## Work task
Retyping the records exactly is the whole task.

## Data in this exercise
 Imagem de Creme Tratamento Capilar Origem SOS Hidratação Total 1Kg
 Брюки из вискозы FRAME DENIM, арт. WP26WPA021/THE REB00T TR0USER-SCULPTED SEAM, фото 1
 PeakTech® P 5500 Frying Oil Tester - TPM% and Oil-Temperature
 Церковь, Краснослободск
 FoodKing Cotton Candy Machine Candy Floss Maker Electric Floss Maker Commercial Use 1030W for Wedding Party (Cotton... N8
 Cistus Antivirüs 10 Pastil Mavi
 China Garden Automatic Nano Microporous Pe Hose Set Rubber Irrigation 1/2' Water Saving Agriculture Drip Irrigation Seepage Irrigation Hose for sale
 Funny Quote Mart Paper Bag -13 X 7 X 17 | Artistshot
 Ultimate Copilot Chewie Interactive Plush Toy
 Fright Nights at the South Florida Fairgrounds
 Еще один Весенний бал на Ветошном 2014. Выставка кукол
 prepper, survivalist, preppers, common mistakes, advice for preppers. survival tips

## Response
 Imagem de Creme Tratamento Capilar Origem SOS Hidratação Total 1Kg
 Брюки из вискозы FRAME DENIM, арт. WP26WPA021/THE REB00T TR0USER-SCULPTED SEAM, фото 1
 PeakTech® P 5500 Frying Oil Tester - TPM% and Oil-Temperature
 Церковь, Краснослободск
 FoodKing Cotton Candy Machine Candy Floss Maker Electric Floss Maker Commercial Use 1030W for Wedding Party (Cotton... N8
 Cistus Antivirüs 10 Pastil Mavi
 China Garden Automatic Nano Microporous Pe Hose Set Rubber Irrigation 1/2' Water Saving Agriculture Drip Irrigation Seepage Irrigation Hose for sale
 Funny Quote Mart Paper Bag -13 X 7 X 17 | Artistshot
 Ultimate Copilot Chewie Interactive Plush Toy
 Fright Nights at the South Florida Fairgrounds
 Еще один Весенний бал на Ветошном 2014. Выставка кукол
 prepper, survivalist, preppers, common mistakes, advice for preppers. survival tips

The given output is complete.